Retaining what we have left, and working towards the kind of thinking that makes us want to reclaim all the life we have already lost or damaged – that’s what is required.  It’s not about energy descent plans.  It’s not about lobbying Government, and it’s not about those little spiral fluorescent light bulbs.  All these are part of the process, but the real process is what most people are too timid to confront – the fact that it’s about changing the way we live.  It’s about personal decisions for change, starting today.  What am I going to do that is going to make me a different person?

We all have to become different people.  We can no longer afford to look at anything in the way we have done up until now.  The planet needs our help and it is time to stop being anthropocentric, academic and abstract.  The time has come to grow up, take responsibility for our collective actions (and those actions carried out implicitly on our behalf) and do something that clearly delineates a change of direction.  None of this is going to come from discussing energy descent plans.  Energy descent plans and the like, though ostensibly worthwhile, come from the same kind of thinking that caused the problems in the first place.  Therefore by their very nature they are going to appeal only to the mechanistically minded, science-grounded academics in the room – they won’t touch the quick of those humble beings who sense in their souls that there is something intrinsically wrong but feel powerless to do anything about it.

There are many worthwhile NGOs out there that have already got it right.  Mostly, they are working with indigenous peoples.  They recognise that such ancient cultures are still close to the natural pulse and that much can be learned from them.  Other NGOs, though they are zealous in the promotion of their particular causes, would do well to learn from those working with traditional cultures, to see if there is some way of adapting their own messages for audiences in over-privileged, comfort-seeking, infantilised consumer cultures.  Unless we can change our understanding of what is really going on out there, we really will lose what we have left, probably before the end of the century, exponential growth being what it is.

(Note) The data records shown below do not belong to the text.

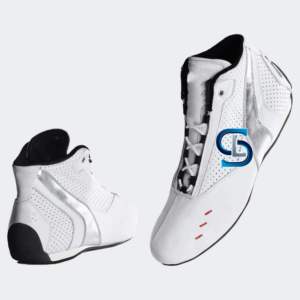 Zapatillas de carreras Go Kart para hombre de color de estilo personalizado antideslizante de alta calidad - Product Image 2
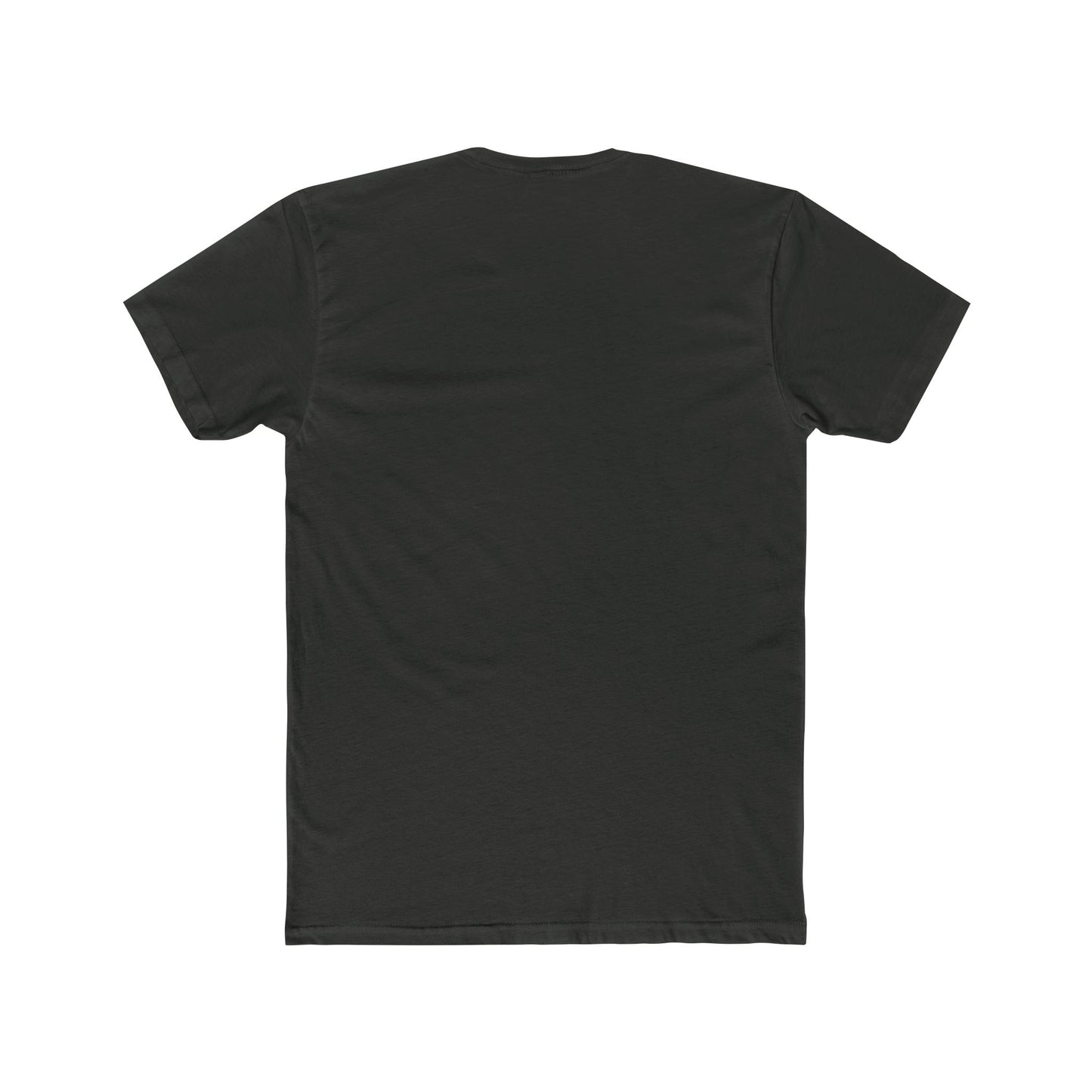 Jack tee - Unisex Cotton Crew Tee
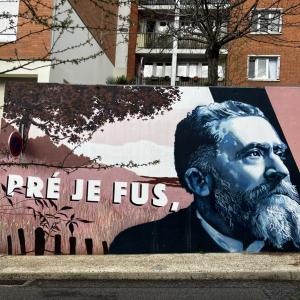Association les arts fleurissent la ville 2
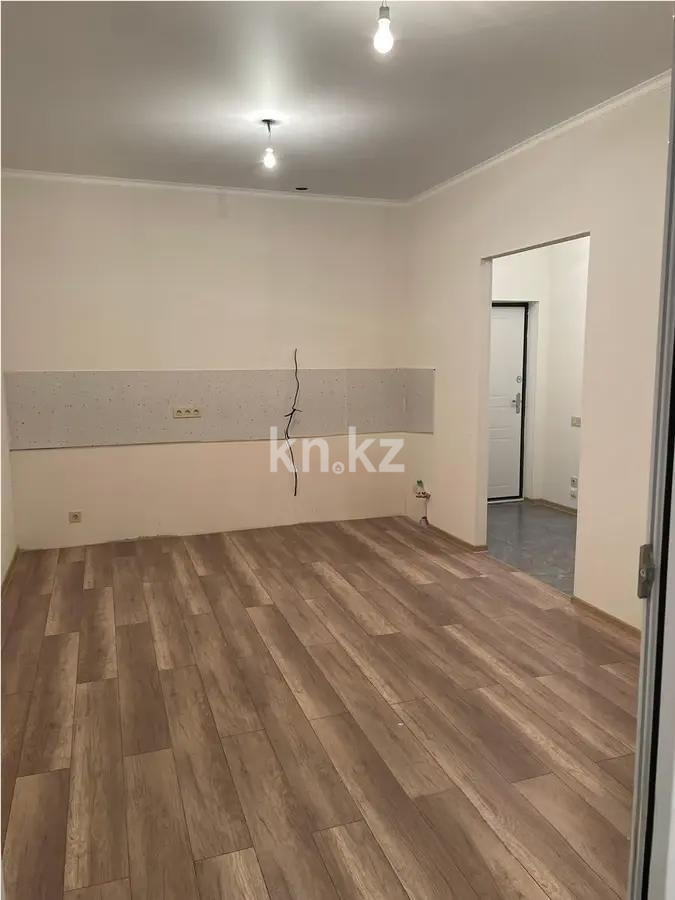 Продажа 1-комнатной квартиры, 43 м², ул. Жургенова, дом  19 в Астане - фото 4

I recommend Home to anyone who lives here on this planet.  It was made by someone who has observed this home of ours from a viewpoint that gives him a clear comprehension of the collective onslaught that we have released on this unique and frail sphere of life, one dot in the empty vastness of our galaxy.  It really is our only home, and we really are fouling it up so quickly and so comprehensively that the end is in sight for civilisation as we know it.  Don’t take my word for it though – have a look at it from Yann Arthus-Bertrand’s point of view.